Water bosses face up to two years in prison under moves to crack down on pollution in rivers and seas.
The Government will on Thursday unveil a package of measures designed to combat the regular dumping of sewage by water companies.
After all, the problem in that country is greater…..even if it is a state owned company.
Water bosses will face a maximum sentence of two years in jail, as will any other employees found to be directly blocking investigations by the Environment Agency or the Drinking Water Inspectorate.
Note that jail’s for obstructing the bureaucracy tho’, not for anythin to do with actual sewage
Heard about jailing water company bosses on the Toady programme this morning, but they made no mention of jail being for “directly blocking investigations”.
My first thought was, well, as there is no chance they will be able to stop the release of raw sewage there isn’t going to be anyone applying for the job of ‘Chief Executive of XXXX water company’ then, but this explains it further.
Al Beeb doing their level best to misinform the sheeple. Again.
#believeallbeuracrats
I’d love a source that the problem’s worse in Scotland. It may well be, but I thought that it wasn’t measured so it can’t definitely be said.
@ Bloke in Aberdeen
The state-owned Scottish Water only reports outflows from the 4% of sites that are monitored, ignoring the outflows from the other 96% of the sites. The 4% had 14,000-odd cases of sewage being dumped last year so, as “Surfers Against Sewage” point out the true number of instances is in the hundreds of thousands – making Thames Water look like “Mr Clean”, in comparison (Thames Water supplies many more customers than Scottish Water)
I’d be wary of doing simple extrapolations of the Scottish numbers. A lot of Scotland is fairly sparsely populated, I don’t know the locations of the outflows being measured but they are likely to be in the more civilised areas of the country.
Also a note on comparing England and Scotland’s water companies performance, we have had very little population growth up here.
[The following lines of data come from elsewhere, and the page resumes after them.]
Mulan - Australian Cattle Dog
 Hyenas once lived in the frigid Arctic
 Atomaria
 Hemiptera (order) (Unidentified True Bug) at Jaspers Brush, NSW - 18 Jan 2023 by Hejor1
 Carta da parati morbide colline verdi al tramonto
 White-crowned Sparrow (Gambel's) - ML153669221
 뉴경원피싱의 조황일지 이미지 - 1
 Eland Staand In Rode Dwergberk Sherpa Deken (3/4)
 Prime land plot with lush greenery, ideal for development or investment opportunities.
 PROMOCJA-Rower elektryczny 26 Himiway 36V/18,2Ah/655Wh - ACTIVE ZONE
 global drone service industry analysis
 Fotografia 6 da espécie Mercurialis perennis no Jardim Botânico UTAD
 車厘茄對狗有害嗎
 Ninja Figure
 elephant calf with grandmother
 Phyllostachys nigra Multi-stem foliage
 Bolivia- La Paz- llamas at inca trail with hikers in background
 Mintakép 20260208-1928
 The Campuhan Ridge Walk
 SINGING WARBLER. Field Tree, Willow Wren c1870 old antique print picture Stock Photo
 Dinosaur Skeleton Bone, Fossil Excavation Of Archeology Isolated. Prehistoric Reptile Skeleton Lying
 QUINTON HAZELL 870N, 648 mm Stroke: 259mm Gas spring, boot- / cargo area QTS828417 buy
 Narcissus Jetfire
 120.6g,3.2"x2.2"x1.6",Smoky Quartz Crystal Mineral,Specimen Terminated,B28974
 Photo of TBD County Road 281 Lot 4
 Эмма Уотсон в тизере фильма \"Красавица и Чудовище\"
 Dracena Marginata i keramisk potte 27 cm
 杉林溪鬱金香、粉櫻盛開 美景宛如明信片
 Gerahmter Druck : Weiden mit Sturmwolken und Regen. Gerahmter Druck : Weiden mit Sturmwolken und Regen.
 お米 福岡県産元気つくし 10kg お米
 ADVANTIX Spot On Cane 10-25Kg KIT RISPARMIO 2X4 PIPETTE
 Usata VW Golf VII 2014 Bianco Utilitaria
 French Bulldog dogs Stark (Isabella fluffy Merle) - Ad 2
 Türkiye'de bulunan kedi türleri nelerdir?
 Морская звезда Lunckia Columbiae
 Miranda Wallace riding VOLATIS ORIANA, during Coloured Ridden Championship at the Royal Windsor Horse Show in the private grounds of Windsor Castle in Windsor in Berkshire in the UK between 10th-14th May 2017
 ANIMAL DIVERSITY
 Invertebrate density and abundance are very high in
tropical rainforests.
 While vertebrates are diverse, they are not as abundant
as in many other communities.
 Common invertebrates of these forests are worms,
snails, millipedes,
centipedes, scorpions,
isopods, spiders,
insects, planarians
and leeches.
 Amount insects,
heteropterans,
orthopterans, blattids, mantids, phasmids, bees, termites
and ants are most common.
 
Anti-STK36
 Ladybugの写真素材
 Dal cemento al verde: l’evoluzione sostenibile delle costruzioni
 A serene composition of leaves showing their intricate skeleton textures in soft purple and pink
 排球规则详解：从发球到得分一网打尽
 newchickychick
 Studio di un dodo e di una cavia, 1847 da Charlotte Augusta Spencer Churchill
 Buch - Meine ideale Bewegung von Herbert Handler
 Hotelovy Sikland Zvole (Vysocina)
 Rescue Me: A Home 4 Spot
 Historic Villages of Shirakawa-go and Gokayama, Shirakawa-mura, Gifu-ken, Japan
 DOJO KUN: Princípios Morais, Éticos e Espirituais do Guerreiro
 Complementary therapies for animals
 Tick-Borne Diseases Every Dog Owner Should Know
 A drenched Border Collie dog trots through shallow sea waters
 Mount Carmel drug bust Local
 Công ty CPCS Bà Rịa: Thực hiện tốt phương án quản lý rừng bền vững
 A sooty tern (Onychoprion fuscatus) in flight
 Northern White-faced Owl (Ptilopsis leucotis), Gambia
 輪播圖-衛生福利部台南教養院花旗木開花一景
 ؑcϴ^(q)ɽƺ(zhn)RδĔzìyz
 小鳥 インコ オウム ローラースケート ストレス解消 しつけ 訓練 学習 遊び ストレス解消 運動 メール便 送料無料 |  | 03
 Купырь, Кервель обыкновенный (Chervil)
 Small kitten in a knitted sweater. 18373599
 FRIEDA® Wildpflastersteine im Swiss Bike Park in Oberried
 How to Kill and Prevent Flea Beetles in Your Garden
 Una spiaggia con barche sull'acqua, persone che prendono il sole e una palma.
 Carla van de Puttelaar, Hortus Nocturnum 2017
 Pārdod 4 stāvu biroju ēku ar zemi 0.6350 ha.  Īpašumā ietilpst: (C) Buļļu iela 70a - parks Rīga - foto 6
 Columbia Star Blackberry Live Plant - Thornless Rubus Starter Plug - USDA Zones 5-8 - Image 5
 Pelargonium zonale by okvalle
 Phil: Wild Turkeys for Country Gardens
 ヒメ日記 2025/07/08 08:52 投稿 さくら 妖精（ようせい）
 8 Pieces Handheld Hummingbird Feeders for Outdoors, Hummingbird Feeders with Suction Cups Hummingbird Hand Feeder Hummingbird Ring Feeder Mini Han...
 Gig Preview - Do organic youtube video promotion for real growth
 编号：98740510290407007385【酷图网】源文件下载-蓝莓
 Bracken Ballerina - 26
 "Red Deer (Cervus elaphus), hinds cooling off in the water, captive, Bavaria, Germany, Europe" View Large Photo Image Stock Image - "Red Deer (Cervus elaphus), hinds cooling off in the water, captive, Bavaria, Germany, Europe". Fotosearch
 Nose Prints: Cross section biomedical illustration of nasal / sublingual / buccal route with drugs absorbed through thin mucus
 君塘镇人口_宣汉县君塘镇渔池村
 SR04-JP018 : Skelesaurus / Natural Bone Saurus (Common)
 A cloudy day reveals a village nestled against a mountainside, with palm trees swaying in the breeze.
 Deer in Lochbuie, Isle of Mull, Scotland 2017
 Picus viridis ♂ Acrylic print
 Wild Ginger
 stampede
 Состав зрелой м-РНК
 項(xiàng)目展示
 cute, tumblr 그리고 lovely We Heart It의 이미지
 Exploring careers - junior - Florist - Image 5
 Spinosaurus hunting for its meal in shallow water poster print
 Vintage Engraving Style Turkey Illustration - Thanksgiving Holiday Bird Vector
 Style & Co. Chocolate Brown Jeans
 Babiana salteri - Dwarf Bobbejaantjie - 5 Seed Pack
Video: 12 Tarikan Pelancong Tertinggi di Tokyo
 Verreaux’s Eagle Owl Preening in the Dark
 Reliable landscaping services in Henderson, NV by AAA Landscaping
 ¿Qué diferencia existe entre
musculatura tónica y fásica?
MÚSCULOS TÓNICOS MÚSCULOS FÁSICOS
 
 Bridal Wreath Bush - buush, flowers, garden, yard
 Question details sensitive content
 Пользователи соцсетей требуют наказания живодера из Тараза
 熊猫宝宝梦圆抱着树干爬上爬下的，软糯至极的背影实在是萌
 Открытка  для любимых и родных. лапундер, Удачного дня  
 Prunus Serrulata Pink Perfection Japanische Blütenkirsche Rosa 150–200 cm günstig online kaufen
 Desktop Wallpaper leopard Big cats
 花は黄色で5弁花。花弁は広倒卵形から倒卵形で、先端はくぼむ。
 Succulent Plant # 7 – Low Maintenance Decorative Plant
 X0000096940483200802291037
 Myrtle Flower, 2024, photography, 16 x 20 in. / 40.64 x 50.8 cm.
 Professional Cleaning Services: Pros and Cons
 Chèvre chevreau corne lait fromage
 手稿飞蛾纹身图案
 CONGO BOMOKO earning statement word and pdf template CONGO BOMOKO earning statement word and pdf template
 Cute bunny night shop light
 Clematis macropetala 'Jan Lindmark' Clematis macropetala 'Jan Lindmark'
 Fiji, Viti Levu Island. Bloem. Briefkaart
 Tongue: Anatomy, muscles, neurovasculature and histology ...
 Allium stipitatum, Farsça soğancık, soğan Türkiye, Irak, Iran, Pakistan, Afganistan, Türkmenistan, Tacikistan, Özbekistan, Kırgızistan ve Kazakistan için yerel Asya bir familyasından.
The infrastructure is not being stressed the way it is in England.
There are civilised areas of Scotland?
@ Bloke in Scotland
Yes, extrapolation is not going to be linear but if the average number of overflows in the other 96% was even one-third as frequent as those measured the total would be well over 100k per annum.
Since the size of sewage treatment plants is going to be proportional to the expected throughput one would expect the overflow frequency to be similar (there is likely to be an increase if the local population grows but that implies that the number of overflows near Glasgow will be significantly *lower* than average since Glasgow’s population is more than 10% lower than it was when I left Scotland).
Hundreds of thousands seems plausible to me.
Portaloos are an ordeal that distance runners and triathletes have to endure. In fact they are quite cleverly designed but, at the basic level, you shit and piss into a tank, maybe three or four cubic metres in capacity and these are emptied periodically by a tanker. It was at an Endure 24 event near Leeds where, despite there being row upon row of the things, the organisers seem to have underestimated the number required and the tankers were struggling to keep them emptied. I don’t really have any figures for the number of runners and their support crews, or for the number of Portaloos, but I was quite astonished by the huge volume of shit that such a gathering of people produce. It wasn’t so long ago that it was normal just to stick it straight into the sea. As a kid I can remember going to the beach at Filey and finding the sea full of floating turds and shreds of bog paper. So yes, failure of waste water processing needs addressing, but hell we’ve come a long way in just my lifetime.
Incidentally, the world record for twenty four hour running is now close to two hundred miles, which I find quite astonishing.